Sylvain Charlevoix, a professor of food distribution policy at Dalhousie University, has spoken out about the company’s production in Canada and the shipment of powdered milk overseas.

“”[CRM] It is by far the largest milk powder factory in Canada. but, all The product will be returned to China. The plant itself uses Canadian cow and goat milk. This is a nuisance for professionals who understand how Canada’s dairy sector works, “he said. I have written In a blog post on May 18th.

Charboa says that milk is partially subsidized by Canadians, but dairy farmers must meet quotas aimed at “serving only Canadians” and the supply management system “self”. And everyone else, “points out that it aims to feed.

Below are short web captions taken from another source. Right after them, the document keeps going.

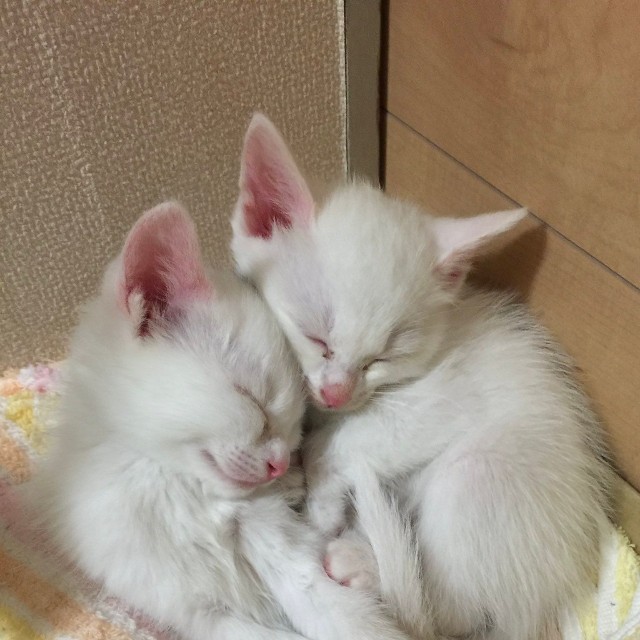 生後1カ月ころ、お迎えされた心ちゃん、空ちゃん（画像提供：ねこいろ日記さん）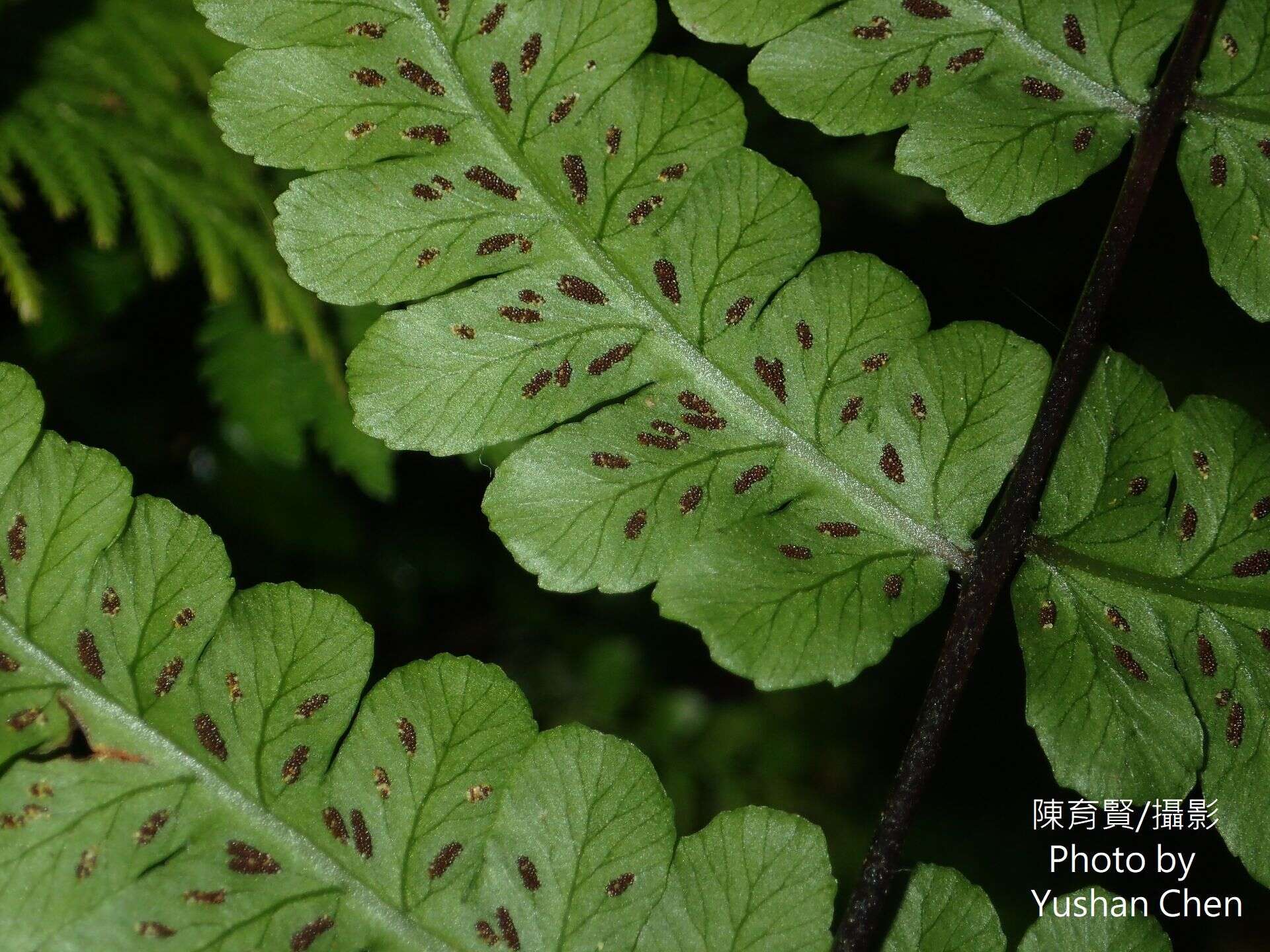 Image of Cornopteris opaca (D. Don) Tag.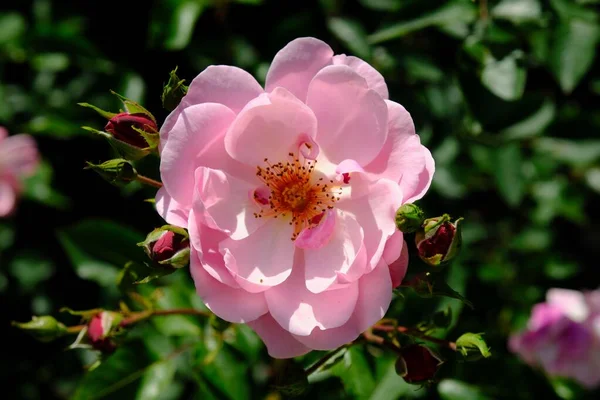 Selective Focus Pink Garden Rose Sunny Day — Stock Photo, Image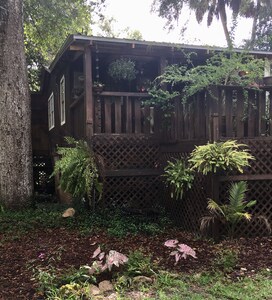 Secluded Riverfront Retreat in Steinhatchee, FL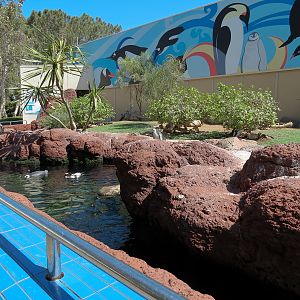 Penguin Encounter - Magellanic Penguin Exhibit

“In order to get Canadians to participate in our supply control system and produce what we need in Canada, Canadian dairy farmers are not able to ship milk abroad to grow the Asian market. I’ve long argued that I can’t, “he wrote.

“Since dairy farmers have no incentive to grow the market, we allowed Chinese-owned companies to invest in Canada, but only returned our own food to China.

He argues that milk sold to Chinese companies must be unallocated and the company should be owned by Canada and operated primarily to serve the Canadian market.

China made large-scale formulas in 2008 when the toxic industrial chemical melamine was found to have been used by several Chinese formulas to artificially increase the protein content tested. I had a scandal. Hundreds of thousands of children were affected by melamine poisoning, killing at least six babies.

Feihe was not reportedly involved, and the brand was not as affected as other Chinese producers who faced a backlash from parents who were primarily looking at foreign brands. ..

US shortage

The current shortage in the United States was exacerbated by the recall of powdered milk produced by Abbott Nutrition at a factory in Sturgis, Michigan, in February, causing four children to become ill and two to die of Cronobacter. Consume The formula produced at the facility.

Abbott Nutrition and the Food and Drug Administration Consent decree Abbott agrees to take the corrective action required by the FDA and is subject to court approval to resume production at the plant on May 16.

It takes 6-8 weeks for the products to line up on the shelves after the facility is remanufactured. To tell Abbott in a statement on May 16th.

Centers for Disease Control and Prevention (CDC) found Multiple strains of Cronobacter at the Sturges plant show that their analysis is “not closely genetically related” to samples taken from two available patients.

Due to the shortage of infant formula in the United States, President Joe Biden enacted the Defense Production Act on May 18, helping to speed up the delivery of ingredients to manufacturers.

Canada is also reported to have already affected some parents by allowing the import of prescriptions that “may not fully meet Canada’s regulatory requirements for labeling and / or composition.” We are taking steps to alleviate the shortage. To tell Health Canada’s provisional policy.

The policy indicates that the product still complies with “equivalent standards” and provides the instruction to “guarantee the safe preparation and use of food”.